Whereas the construction of the global schema concerns the intentional level of the source integration system, problems (2) and (3) refer to a number of issues arising when considering the integration at the extensional/instance level. Problem (2) is concerned with one of the most important issues in a source integration system, namely, the choice of the method for computing the answer to queries posed in terms of the global schema. Being able to carry out query processing on the global schema is indeed crucial for data integration, i.e., both for loading and refreshing the data warehouse according to the global schema. The main issue is that the system should be able to re-express queries expressed on the global schema in terms of a suitable set of queries posed to the sources. In this reformulation process, the crucial step is deciding how to decompose the query on the global schema into a set of subqueries on the sources, based on the meaning of the sources in terms of the concepts in the global schema. The computed subqueries are then shipped to the sources, and the results are assembled into the final answer.
Problem (3) deals with the fact that sources are generally heterogeneous not only at the intentional level, but also at the instance level. In particular, the data returned by various sources during query processing need to be converted/reconciled/combined to provide the data warehouse with high-quality data. The complexity of this reconciliation step is due to several problems, such as possible mismatches between data referring to the same real-world object, possible errors in the data stored in the sources, or possible inconsistencies between values representing the properties of the real-world objects in different sources (Galhardas et al., 1999). The above task is known in the literature as data cleaning and reconciliation.

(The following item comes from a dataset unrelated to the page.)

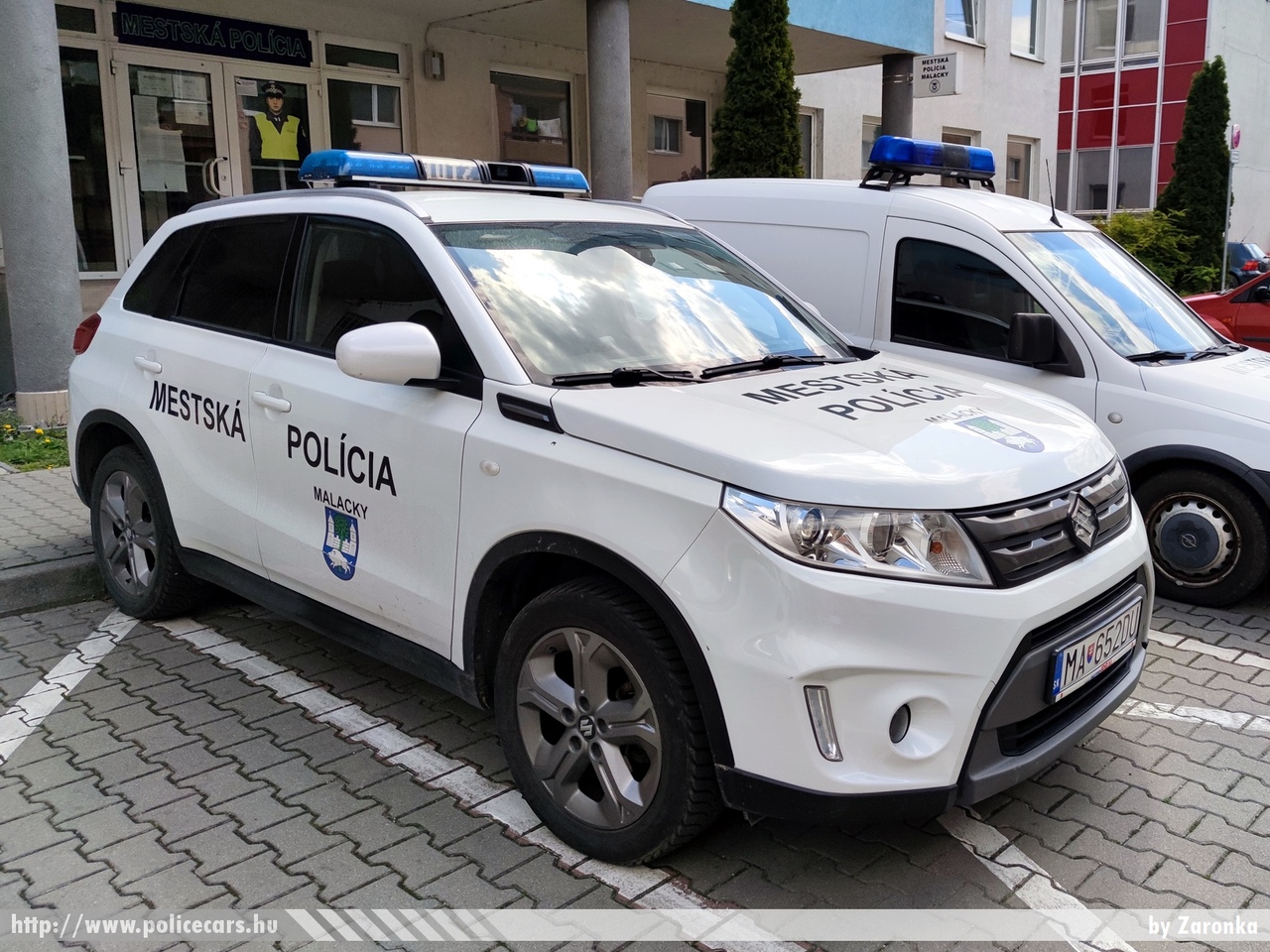 Suzuki Vitara, Mestska Policia Malacky, fotó: Zaronka
Keywords: szlovák Szlovákia rendőr rendőrautó rendőrség police policecar Slovakia slovakian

In the rest of this chapter we discuss the above three problems in more detail. After presenting some basic definitions, we provide a survey on the problem of schema integration, starting from the early work found in the database literature more than two decades ago, and pointing out the recent developments in this area. We then deal with data integration, by describing the most advanced approaches to query processing in the context of source integration systems. The final section discusses the most important approaches that have been proposed for carrying out the data cleaning and reconciliation task.